Holes due to SW rasterized triangles longer than 64 pixels
DS derivatives
The last issue isn’t because of SW raster or even is particular to Nanite Tessellation. There are no automatic derivatives in domain shaders. Texture samples in the displacement function require UV derivatives for mipmapping to work. Mipmapping needs to work for band limiting the signal and reducing aliasing but more importantly it is needed for cache coherency. Using mip0 can be a serious performance loss.Traditional Reyes renderers dice into rectangular grids. Finite differences along grid UV directions are simple and can be used for shading but the Tessellation Table’s irregular meshing doesn’t provide that simple neighbor lookup. Perhaps analytic gradients could be used instead like we do for deferred materials? It still needs to be relative to a sampling rate though. For that we can use the chain rule:
\begin{equation} \frac{dUV}{dTessFactors} = \frac{dUV}{dXYZ} \frac{dXYZ}{dTessFactors} \end{equation} Pardon my lack of mathematical rigor here in terms of dimensionality. Anisotropic texture filtering isn’t important, only isotropic trilinear filtering is needed, so for simplicity assume this is projected in the direction that maximizes this derivative and the equation above can be treated as scalar.
The second term that includes TessFactors is inconvenient. It’s only defined at the edges. The interior could somehow lerp it but the corners would still remain undefined. Thankfully $\frac{dXYZ}{dTessFactors}$ is effectively $\frac{1}{DicingRate}$. That was how the TessFactors were computed in the first place. That is a perfectly smooth function in XYZ space, independent from the surface. So it is defined, continuous, and thus will always match between patches.
The problem of continuity is actually with the first term. Taken directly this is a piecewise constant function. It’s basically the tangent basis of each face before orthonormalization. Like TessFactors, edges could be made to match by only using data of the edge. Edges could exclusively use the UV difference along the edge, ignoring any component of the gradient orthogonal to the edge direction. Unlike TessFactors this doesn’t entirely solve it due to the corners. Corners won’t have just 1 neighbor. They will have an arbitrary number of them depending on the valence of the vertex. Following a similar trick would mean using only vertex data which doesn’t make sense for a rate of change since a point is zero size.
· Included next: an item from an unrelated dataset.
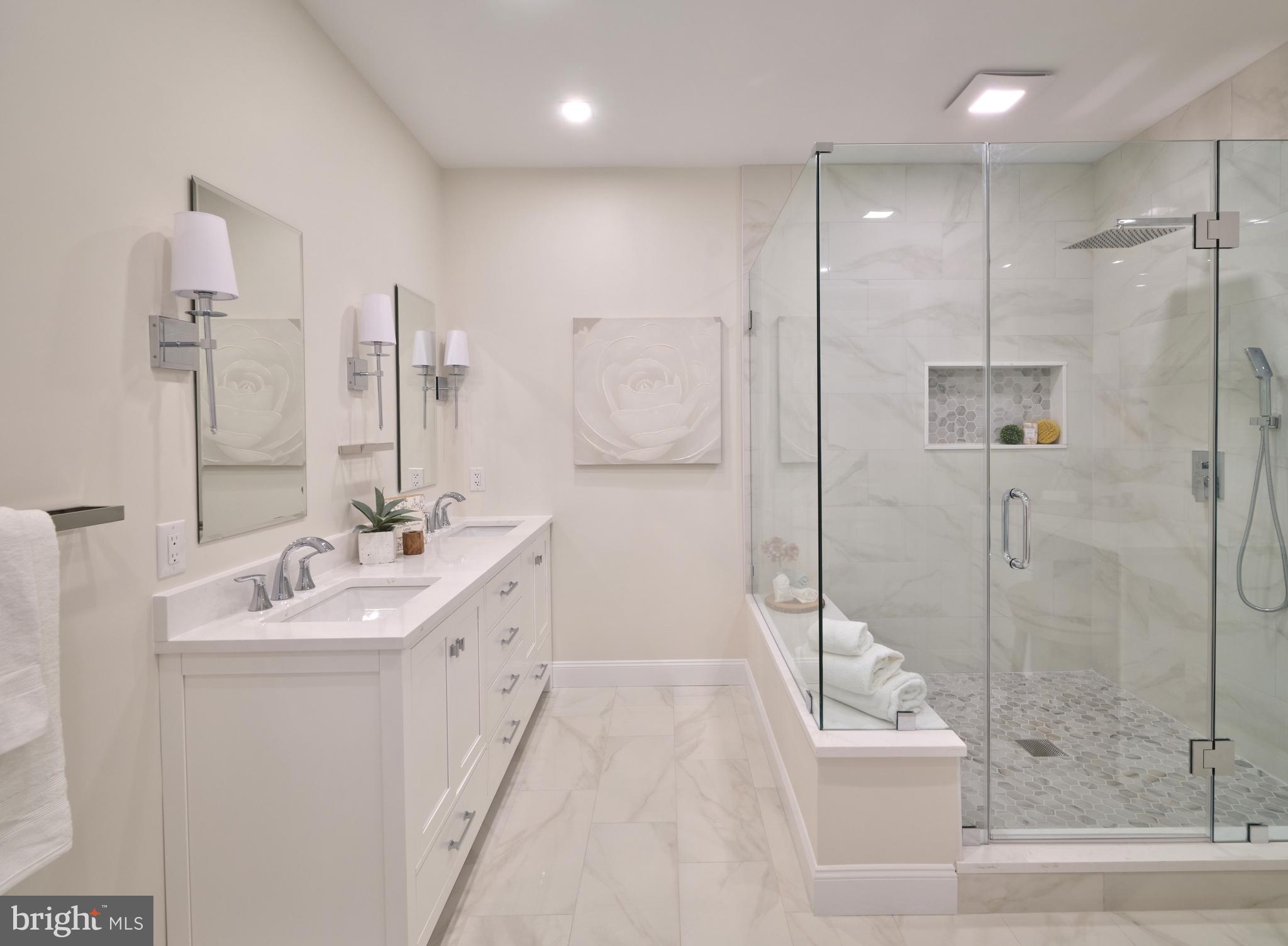 NEWTOWN STATION - Residential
Solving this requires some form of continuous function over the mesh through preprocessing. Like how the tangent basis is typically calculated, this could be averaged and stored per vertex but at a memory cost. Worth noting we support multiple UV channels. From a workflow perspective it would mean extra heavyweight data would need to be optionally built for meshes to allow displacement on them.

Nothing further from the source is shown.